Both views have merits, even though there is some hindsight involved. What if the next pensions blow up is illiquid but high growth assets? There are reasons, rightly or wrongly, that pension trustees generally do not like uncertainty. Maybe the focus on the funding gap by accountants just supports the trustees’ fear about uncertainty.
But fear often leads to wrong decisions. Terry Smith thinks that pension portfolios should be focusing on long term growth. I will argue that the fear led to trustees thinking of LDI as a risk elimination tool. Sadly, that is not the case.
As pointed out in the October Jargon Buster, when a defined benefits pension scheme decides to run a deficit and underfunds, it is taking a risk. It is a risk as the scheme has now deviated from the set up that ensures future liabilities will be paid (using government bonds like gilts).
That risk may not be high. It depends on the size of the funding gap or deficit. Accountants draw the trustee’s attention to this deficit every year. Some trustees may think like Terry Smith and decide to manage the risk of missing future liabilities by allocating to risky assets with (potentially) higher long-term growth.
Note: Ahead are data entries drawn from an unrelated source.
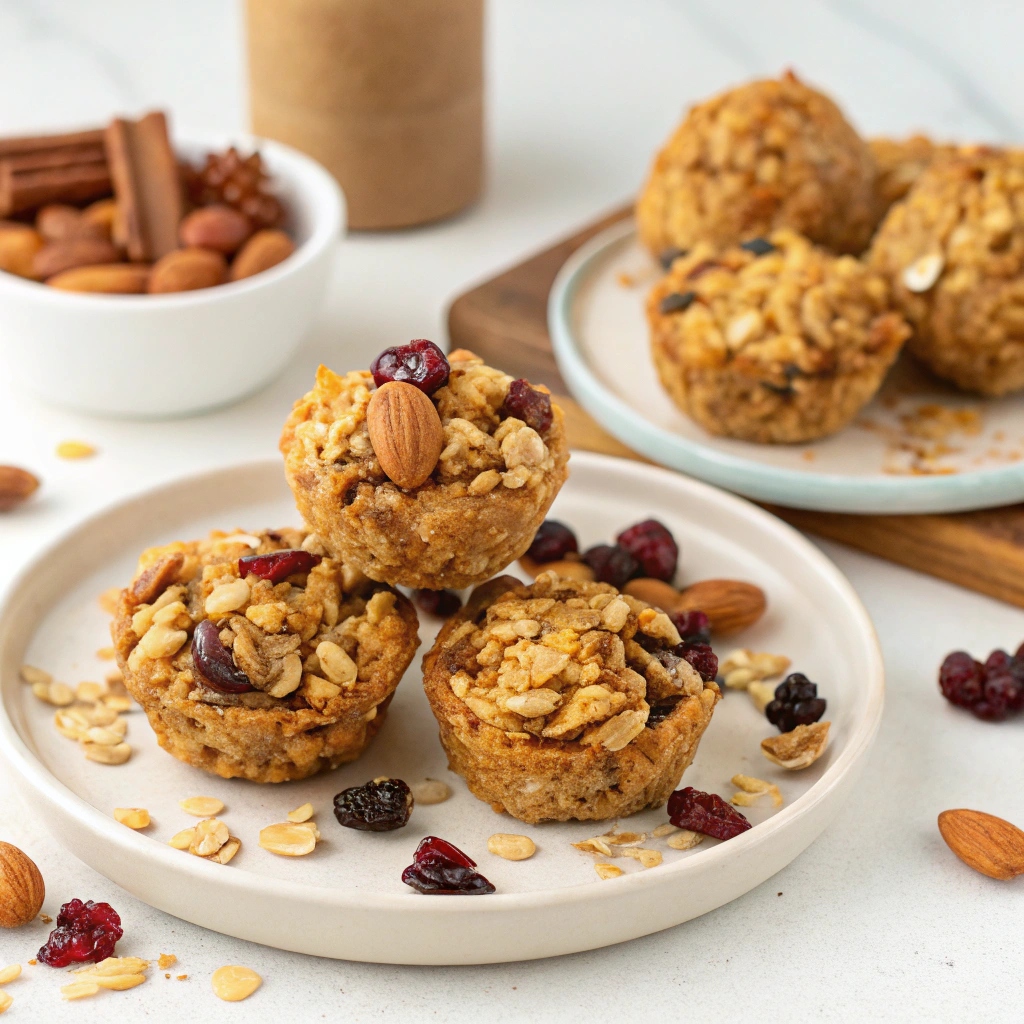 Granola Clusters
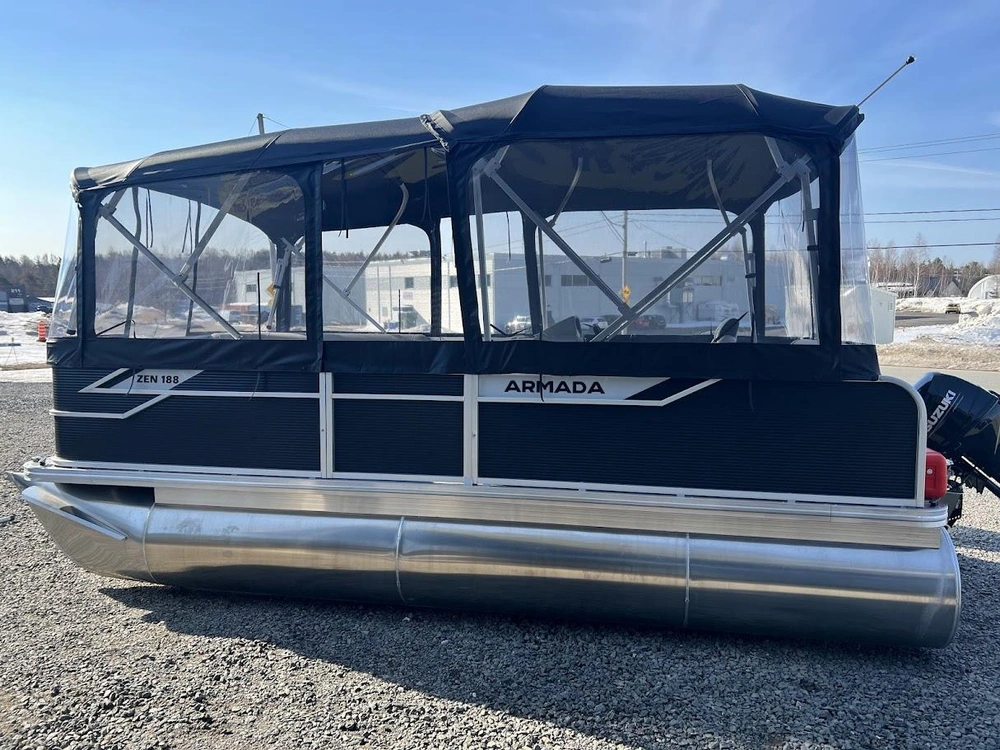 Armada Zen 188 Toit Campeur Complet 2026 alt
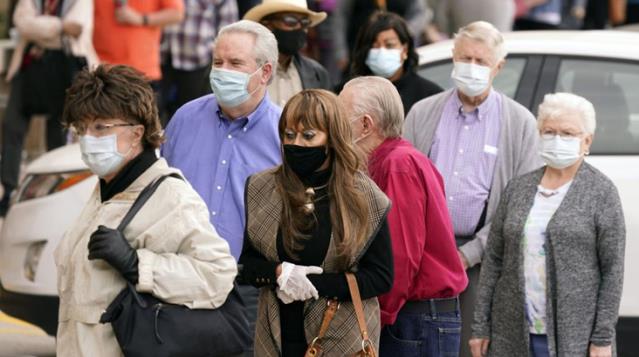 ABD Başkanı Biden'ı kızdıracak normalleşme adımı: 43 bin kişinin koronadan öldüğü Teksas'ta tüm yasaklar kaldırılıyor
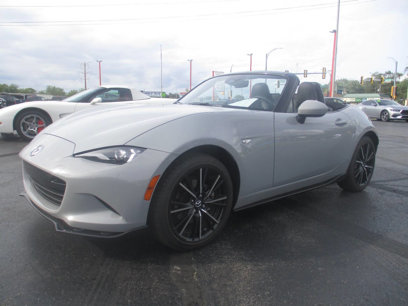 Used 2024 MAZDA MX-5 Miata Grand Touring w/ Appearance Package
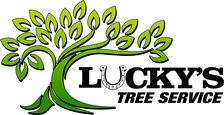 Logo for Lucky's Tree Service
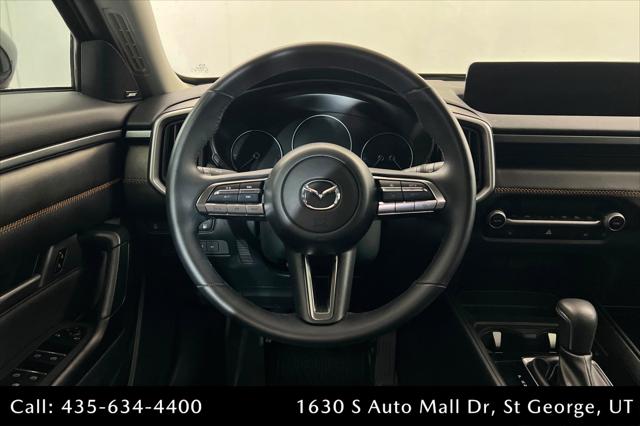 2025 Mazda CX-50 Hybrid Premium Package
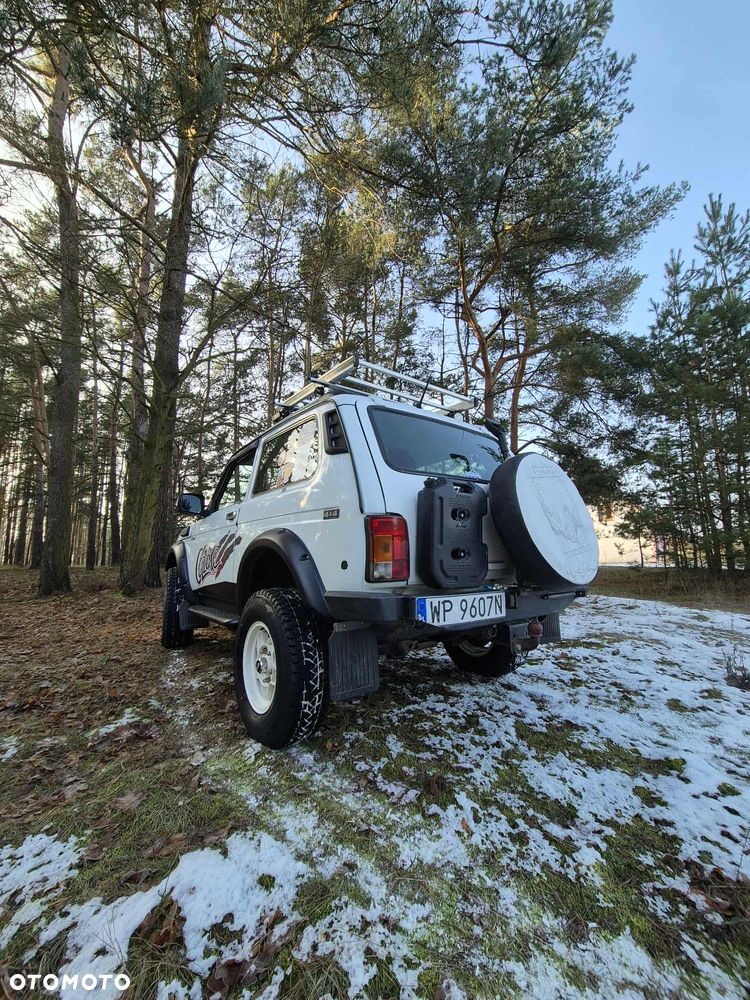 Lada Niva 1.7i - 7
They have now turned the risk in not meeting future liabilities to investment risk, as the success will be based on the risky assets selected, how well they perform over the long run, and (crucially) the skills of the manager who makes the selection and allocation. You manage that pension deficit risk by turning it into an investment risk that can be managed by yourself or another investment professional.
But many trustees do not think like Terry Smith. Their priority is to maximise the chance of meeting future liabilities by making sure the funding gap does not rise, which happened when bond yield kept going lower and lower through central banks’ quantitative easing. When experts and banks came in and presented LDI as a way to hedge this deficit, the strategy looked very appealing.
In any hedging, you rely on another instrument or tool that provides you with the required payout in managing the risk. In LDI, the payout is achieved through a synthetic long position in gilts. This synthetic position can be created by taking out a loan to buy gilts, borrowing gilts (so-called repo arrangements) or through interest rate swaps. These are leveraged as a loan is involved, where the pension scheme pays interests which is often linked to short-dated interest rates. And a loan is needed because the pension scheme does not have enough money to buy the actual gilts.
So what the pension scheme has done is to change the risk of not meeting future liabilities over the long term to another form of financial risk: impact of interest rate movements on the loan. Again, the risk in not meeting the liability is transformed to something that looks manageable. The trustee may think the liability risk of the pension has been ‘hedged’. Instead, LDI transforms that risk to risk on the loan interest (which was going up this year) and also on the price of the underlying instruments, gilts, that are also used as collateral to support margin calls.
Ultimately, we probably should admit that we are terrible in pricing risks that occur way into the future, like whether the current assets held in a defined benefits pension can meet future liabilities. That risk may not be as high as we think, especially since some risky assets like equities have demonstrated historically that they can deliver good returns over a long term.